La Saint-Patrick à Tulum

In a neat little town they call Belfast

Apprentice to trade I was bound

À Tulum Pueblo, une petite ville du Yucatan près des ruines maya, un véhicule à deux étages, qu’il est difficile de qualifier d’autobus tant il est ouvert à tout vent, circule le soir le long de l’avenue principale, étonnamment appelée Tulum avenue. Le char, saturé de lumières multicolores comme un casino de Las Vegas, diffuse une disco énergique et les clameurs enthousiastes d’un chargement de fêtards polyglottes immortalisant le moment sur leur merveille intelligente. Si ce n’est quelques détours par des rues sombres, semées de nids-de-poule, la fête ambulante chemine inlassablement, aller-retour, le long de Tulum avenue, comme un piston bruyant dans un cylindre en mal de lubrifiant.

Tulum avenue: un strip pseudo-californien, une litanie de restaurants, de boutiques, de pharmacies, de comptoirs de photocopie, de bars dépouillés ou branchés. On y vend, jusque tard le soir, des chapeaux de paille, des accessoires de plongée, des liqueurs non-identifiées, des Snickers, des cassettes piratées, des gelati, de la bonne aventure,  des éviers, des fruits, des perceuses et des crèmes contre le vieillissement. On y loue des bicyclettes, des autos, des chambres, peut-être des corps, sous le regard vigilant de policiers plus ou moins armés selon leur proximité avec les bâtiments gouvernementaux ou les guichets ATM. On y ramasse, femmes, vieillards, infirmes, enfants, dans des triporteurs costauds, les canettes, bouteilles de plastique, pièces de métal qu’on pourra troquer contre quelques pesos.
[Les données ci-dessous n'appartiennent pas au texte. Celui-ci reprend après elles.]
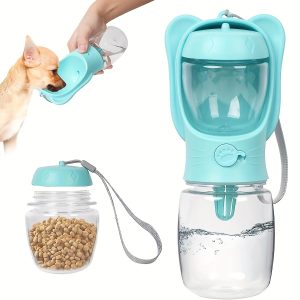 MYOWELL 2 In 1 Portable Dog Water Bottle - Leak Proof Dog Water Bottle with Food Container, Travel Water Dispenser 12oz+6oz for Pets, for Walking, Hiking, and Outdoor Use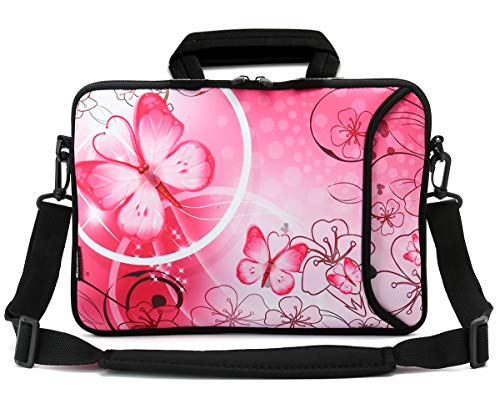 Book Cover RICHEN 11 11.6 12 12.5 13 inches Case Laptop/Chromebook/Ultrabook/Notebook PC Messenger Bag Tablet Travel Case Neoprene Handle Sleeve with Shoulder Strap (11-13.3 inch, Pink Butterfly)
Dans les restos, les boîtes in, pour les autochtones à l’aise ou les touristes accourus de la planète, on peut entendre, entremêlés aux canciones de mariachis aux compétences diverses, une world music aussi sirupeuse qu’éclectique, She loves you à la Jobim à côté de fusions La Bamba-Like a rolling stone, sans compter Les feuilles mortes à la trompette.

L’univers de Tulum avenue, comme celui des resorts qui jalonnent la côte, n’est pas aussi étranger à Tulum Pueblo que pourraient l’être Minsk, Djakarta ou Yellowknife. Il est juste à côté, parallèle, séparé de la vie quotidienne des Tulumais ordinaires par le mur du dinero.

But misfortune came over me

Which caused me to stray from the land

Dinero. L’argent est partout, par son manque ou son abondance. Dans les rues adjacentes au strip, Tulum a le sourire édenté. Rues rapiécées, maisons de béton inachevées, recouvertes de toiles et de feuilles d’acier ondulé, cours jonchées de détritus, chiens faméliques, bouis-bouis à ciel ouvert diffusant de la salsa électronique… Tulum, le Mexique peut-être, est une Macondo bigarrée, post-moderne, polluée, qui évoque à la fois le commencement et la fin du monde industriel.

Pourtant, les Mexicains sont souriants et chaleureux. Il y a une sorte de nonchalance, de bonheur. Les enfants sont rois, non parce qu’ils ont tout ce qu’ils veulent mais parce qu’ils sont aimés.

Her eyes they shone like diamonds

I thought her the queen of the land

Dans le bar où j’ai de toutes récentes habitudes, un Américain et un Mexicain, musiciens attitrés, entonnent, Saint-Patrick oblige, un refrain tout aussi obligé. Tout ce qu’il y a de vert ici, ce sont les palmiers et les mojitos. Tulum, ancienne cité maya, attire toujours sa part d’adorateurs du soleil et de littérateurs en mini-sabbatique.

Les ruines, c’est peut-être tout ce qui restera.